Mentre Salvini dichiara di voler spianare i campi rom, l'Associazione per i Diritti Umani ha intervistato Norina Vitali del Naga, in occasione dell'uscita dell'ultimo rapporto dell'associazione, intitolato “Nomadi per forza: indagine sull'applicazione delle linee guida Rom, Sinti e Caminanti del Comune di Milano”.
Come
avete raccolto i dati per questa indagine?
Abbiamo
iniziato questa indagine nel marzo 2013 e l'abbiamo terminata alla
fine di settembre 2014. “Medicine di strada” è uno dei gruppi
del Naga ed è un camper che esce sul territorio per dare assistenza
sanitaria e, negli ultimi dieci anni, si è concentrato sui cmpi
irregolari rom.
Per
l'indagine abbiamo realizzato delle interviste alle famiglie che sono
passate attraverso i Centri di Emergenza sociale (CES) di prima
accoglienza, istituiti dopo che sono state approvate le linee guida
dal Comune, nel novembre del 2012. in questi centri vengono accolte
le famiglie rom sgomberate: però non tutte, perchè i centri possono
accogliere 270 persone in totale, ma le persone sgomberate sono molte
di più.

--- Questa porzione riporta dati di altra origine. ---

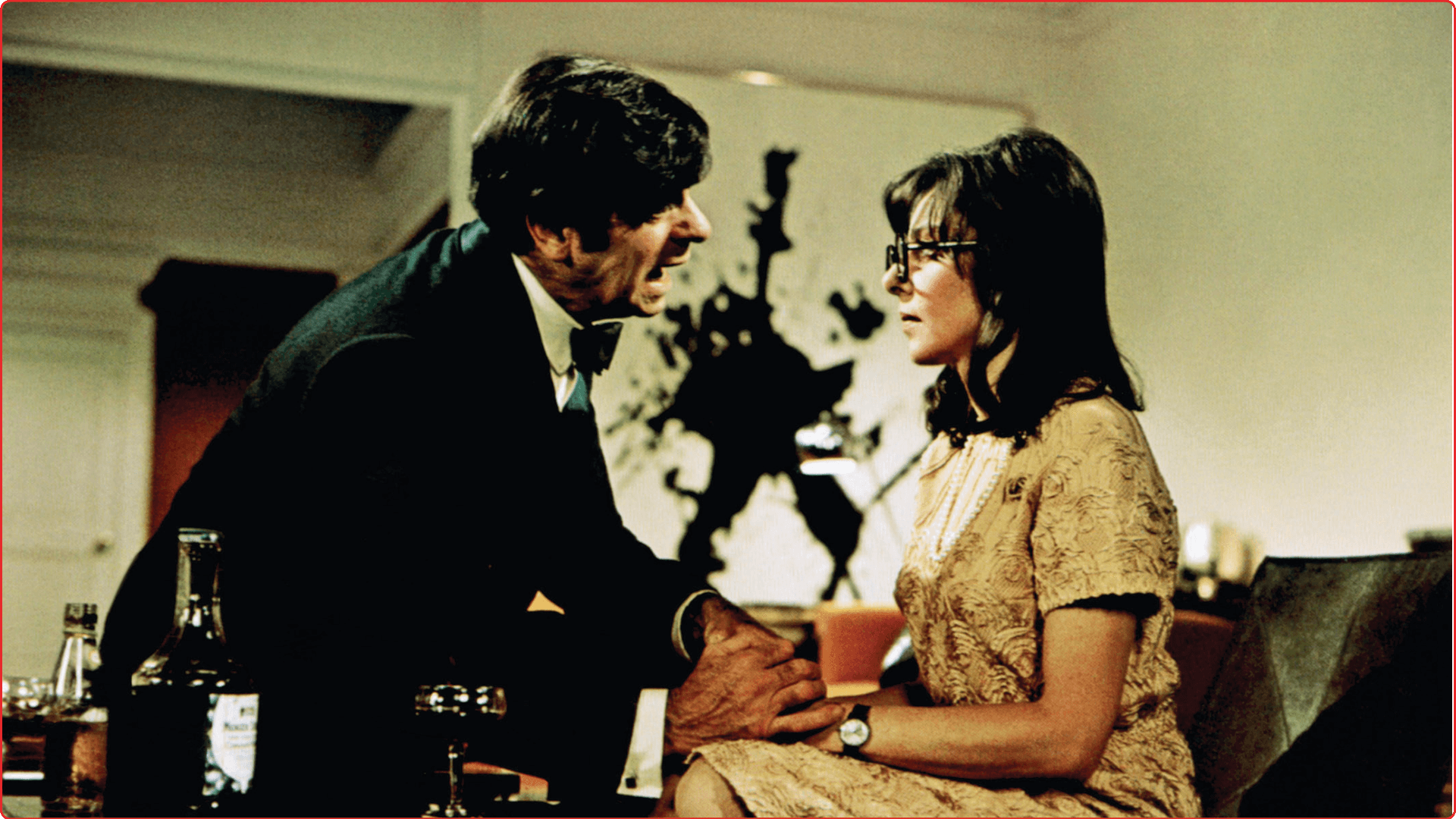 a new leaf 2 a new leaf 2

C'è stato, comunque, un cambiamento: mentre con la
precedente amministrazione, dopo gli sgomberi, le persone non
venivano accolte in alcun modo, ora ci sono questi centri che
accolgono uomini, donne e bambini.
Le
interviste sono state fatte anche agli enti gestori e all'assessore
Granelli e al suo staff, l'assessorato alla sicurezza.
Quali
sono gli stereotipi e i pregiudizi che ancora sussistono nei confroti
di queste etnie?
Ci
accorgiamo che ce ne sono tantissimi, anche guardando dentro noi
stessi. La situazione dei Rom è la cartina di tornasole della
democrazia di un Paese. Sono stata insegnante per quarant'anni e,
quando sono andata in pensione, ho deciso di lavorare con i Rom e,
nonostante la mia famiglia fosse di sinistra, ho litigato con mio
padre ed è stato proprio a causa di questa scelta.
Granelli
e Majorino (assessore alle Politiche sociali) hanno detto di dover
trattare questa questione come se i Rom fossero dei senzatetto, come
qualsiasi altra persona, ma è anche vero che i Rom sono davvero un
popolo con abitudini diverse dalle nostre, con le proprie tradizioni
ed è un'etnia che va riconosciuta. Alcuni aspetti della loro cultura
non li condivido, ma va data loro la possibilità di esistere.
Quali
sono le risorse messe in campo a livello locale?
Poco
dopo l'approvazione delle linee guida, nel 2013, c'è stata una
riunione tra il Comune e la Prefettura per decidere come finanziarle
ed è stato deciso di utilizzare i fondi rimasti dei famosi 13
milioni del piano Maroni “Emergenza nomadi”. Di quel denaro,
stanziato per Milano, erano rimasti circa 5 milioni e la differenza è
stata spesa dall'amministrazione precedente per attuare gli sgomberi.
Al di là
delle condizioni in cui si buttano le persone che vengono sgomberate,
fare gli sgomberi costa e non è efficace: le persone non si possono
eliminare (come è successo durante il nazismo), quindi si spostano,
si disperdono e formano altri insediamenti. E il problema non si
risolve mai.
L'attuale
amministrazione ha continuato con gli sgomberi e ha creato i cenri di
emergenza sociale che sono una soluzione temporanea. I Rom che
possono o accettano di entrarci, possono rimanere per un periodo
limitato.
Quali
sono le restrizioni e, una volta scaduto questo periodo, cosa
succede?
Una
volta scaduto il periodo ritornano sul territorio.
Per
entrare nei CES i Rom devono firmare un contratto che, in realtà, è
un elenco di regole da rispettare, scritto in italiano. Consideriamo
che spesso i Rom di una certa età o sono analfabeti o non conoscono
la lingua italiana. Questo regolamneto è rinnovabile di 40 giorni in
40 giorni per un periodo massimo di 200 giorni. All'interno dei CES
(di Garibaldi e Lombroso) non c'è privacy, dormoni in stanzoni
comuni di 20-30 persone proprio perchè questa non deve essere
considerata una soluzione abitativa fissa.
Ci
sarebbe, poi, la possibilità di intraprendere percorsi di inclusione
lavorativa e scolastica: ottima intenzione sulla carta, ma per tutte
le persone che sono passate dai CES (dall'aprile 2013 alla fine del
nostro reporto, nel 2014) in realtà solo 9 progetti sono andati a
buon fine e i lavori erano sempre stagionali, sul breve periodo e la
maggioranza veniva pagata in nero. Infine, delle 43 persone che si
sono trovate a lavorare molte hanno dichiarato di essere romeni e non
Rom proprio a causa dei pregiudizi ancora in corso nei loro
confronti.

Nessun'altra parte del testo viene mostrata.